We only looked into a few major retailers, but other researchers at the time backed up this observation with data from a much larger number of organizations. In March 2015, another analysis by Trefis also pointed out that overall changes in retail foot traffic at the time and competitive positions explain the changes or lack of changes in Target and Home Depot.^¹²,¹³ Marshall Kuypers, who at the time was working on his management science and engineering PhD at Stanford, focused his study on this issues. He explained that, up to that point in time, all academic research “consistently found little evidence that the two are related” and that “signals dissipate quickly and the statistically significant correlation disappears after roughly three days.”

Now that we have seen even larger breaches than what we saw by the time the first edition was published, do we see any change to these findings? Yes. Another look at more recent events and more recent academic research does show that there is a direct market response to major events—but only for some companies.

To see whether there were any new and obvious relationships between attacks—including data breaches and other malware—we collected just a few examples of reported breaches and other attacks since 2016. We included the SolarWinds and Merck attacks mentioned in Chapter 1. Just these few anecdotes show that for some firms a major data breach really does result in a big drop in stock prices. And that drop appears to be a long‐term loss of shareholder value. In Figure 6.1 we show how stock prices changed before and after cyberattacks at Adobe, Marriott, First American Financial Corporation, Merck, Equifax, and SolarWinds.

Figure 6.1 shows stock price as a ratio of the price just before the announcement of the attack, relative to the time of the attack. On the horizontal axis, the “0” refers to the last price before the attack was publicly disclosed, and at that point in time the price is shown as a “1.” These normalized prices are adjusted further to remove trends in the broader stock market based on the S&P 500. This ensures that the changes we see don't just reflect a big change in the stock market that happened to be about the same time as the cyberattack.

As you can see from the chart, the stock prices of some firms don't seem to be affected much or at all by the cyberattack. Adobe, with the smallest data breach shown in the chart at 7.5 million records, actually seems to have a stock price increase after the event. (This data is from the most recent Adobe attack. There was a much larger attack on Adobe in 2013.) Likewise, Marriott seemed to be unfazed. The Merck attack, for which Chubb was ordered to cover the claimed loss of $1.4 billion, seems to have a remarkably steady stock price in this time period. Remember, this attack involved the malicious encryption of data, including important intellectual property and operational systems, on thousands of computers. And yet it would be hard to discern any sell‐off by Merck investors from this data.

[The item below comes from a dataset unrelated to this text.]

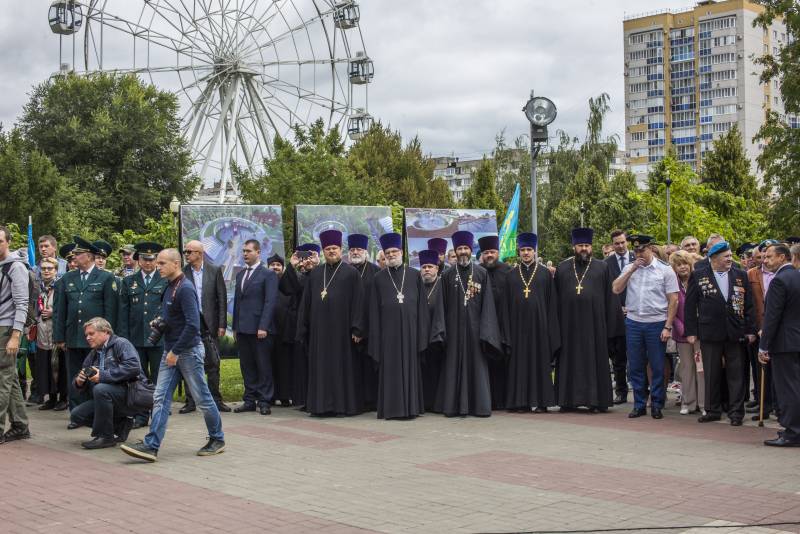 День ВДВ, фонтан и водка армия,россия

CapitalOne and First American Financial did have a temporary downturn at the point of public disclosure. In the case of CapitalOne, the change was about the size of the biggest drops you would expect to see two or three times a year in their historical data—a significant but not extremely rare change. Both stocks mostly recovered in 60 days. There may be some detectable long‐term effect if we looked at a large sample of companies with such a method. Some research shows that a buy‐and‐hold strategy of stocks involved in a major data breach had returns lower than market returns.¹⁴

Although the study was published in 2020, it only looked at breaches between 2003 and 2014. That study also did not differentiate what data was breached or the industry of the company breached. Even with our small sample, it appears this is an important consideration. Only two of the firms shown, SolarWinds and Equifax, clearly showed a major drop in stock price that was the day of or the day after the announcement of the attack and much more than any recent volatility. This is a change far larger than any normal fluctuation even over several years. Even if major market trends such as a recession would cause such an event, we've adjusted for that in the data. These large sell‐offs were a direct result of the cyberattacks.

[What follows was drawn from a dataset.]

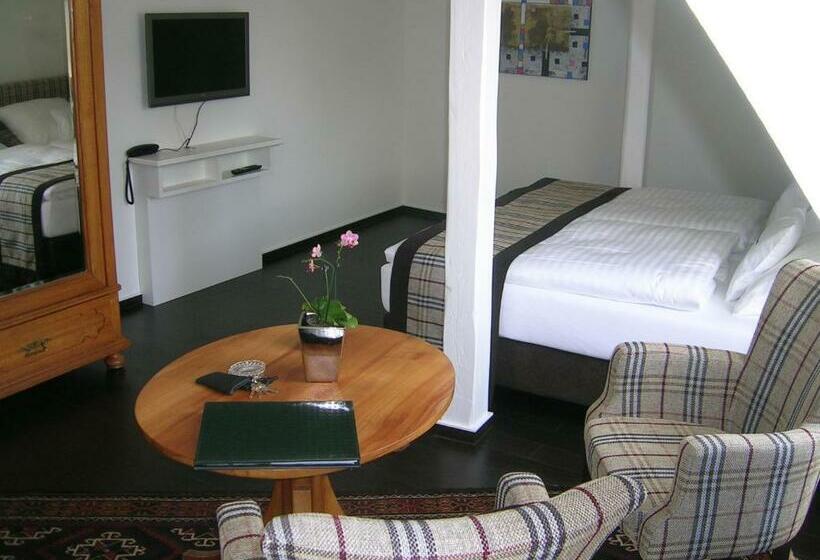 标准工作室, & Café Kleinergrünauer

Why do we see such a different market response to cyberattacks? SolarWinds and Equifax both provide critical services that rely on confidence in their products and data. These firms may be held to higher standards by the market than manufacturers or fast food chains.

Instead of relying on just a few anecdotes, we need to look at larger studies of many organizations and cyberattacks. One of the most comprehensive studies we've seen on this issue was published in 2021.¹⁵ This study is a useful source for computing data breach frequency because it counts the breaches by year and by industry type. Also, it shows that there is a detectable drop in market value of a firm under certain conditions. Here, we will summarize from all this research the key factors that seem to drive the stock price consequences of a data breach.

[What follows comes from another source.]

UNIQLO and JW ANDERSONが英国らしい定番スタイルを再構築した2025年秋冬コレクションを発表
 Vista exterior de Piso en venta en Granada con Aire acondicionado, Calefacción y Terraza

Schematic illustration of changes in stock prices after announcement of selected major attacks — FIGURE 6.1 Changes in Stock Prices After Announcement of Selected Major Attacks

The type of firm and the type of products attacked: If the Merck attack happened to a cloud provider, the shareholder value losses would have been much more significant. If the SolarWinds hack did not involve their software but their customer database, it is doubtful they would have seen anything like the stock price loss they experienced.
The type of data lost: Personal financial data appears to affect stock prices. Other personal information, not so much.
Frequency of attacks: If there is a second attack in the same year, it will have a bigger effect on stock prices.
Responsiveness: If there is a delay in detection or a delay in reporting or inaction at the board level, there will be a bigger impact.

In summary, reputation damage might affect stock price depending on the expectations and trust of the market. If the conditions listed above don't apply, you are better off using a different method than stock price drops to assess reputation damage. That's our next topic.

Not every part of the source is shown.